▶ _Task details_:
Reproduce all of the data below without alteration; exclude every picture.
(Source data begins)
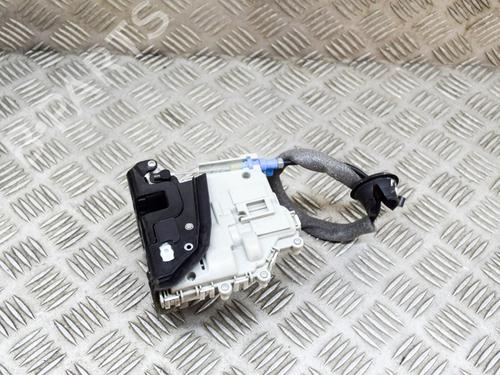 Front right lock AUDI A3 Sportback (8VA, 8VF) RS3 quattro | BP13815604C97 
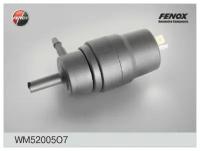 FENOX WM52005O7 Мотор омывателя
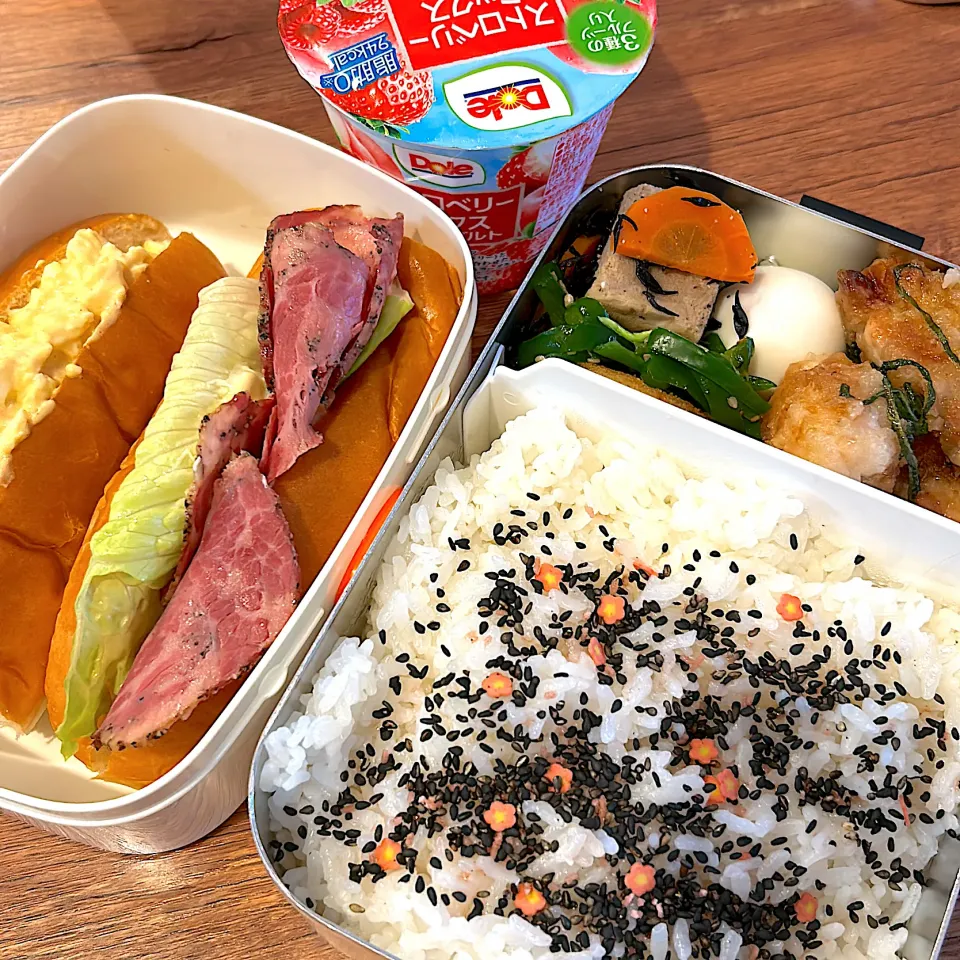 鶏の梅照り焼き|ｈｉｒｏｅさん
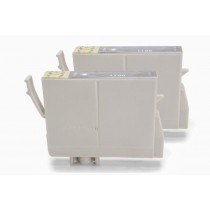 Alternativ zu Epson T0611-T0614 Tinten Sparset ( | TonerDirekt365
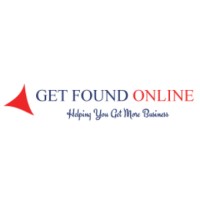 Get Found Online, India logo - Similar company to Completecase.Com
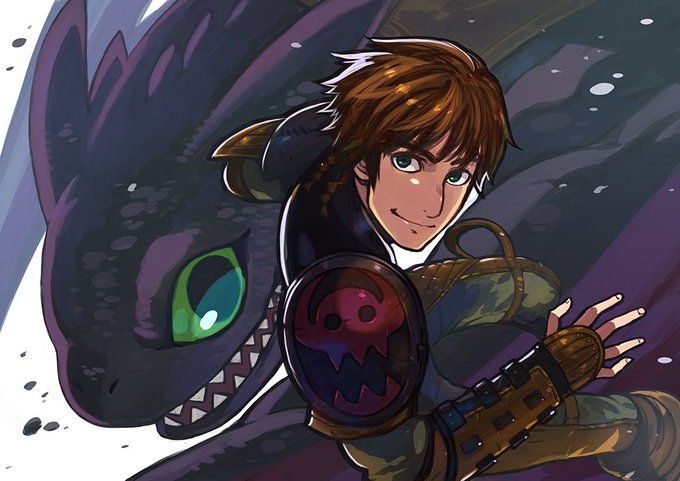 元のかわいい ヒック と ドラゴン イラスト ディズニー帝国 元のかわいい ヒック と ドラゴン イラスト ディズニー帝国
(Source data ends)
▶ _Worked solution_:
 Front right lock AUDI A3 Sportback (8VA, 8VF) RS3 quattro | BP13815604C97 
 FENOX WM52005O7 Мотор омывателя
 鶏の梅照り焼き|ｈｉｒｏｅさん
 Alternativ zu Epson T0611-T0614 Tinten Sparset ( | TonerDirekt365
 Get Found Online, India logo - Similar company to Completecase.Com
 元のかわいい ヒック と ドラゴン イラスト ディズニー帝国 元のかわいい ヒック と ドラゴン イラスト ディズニー帝国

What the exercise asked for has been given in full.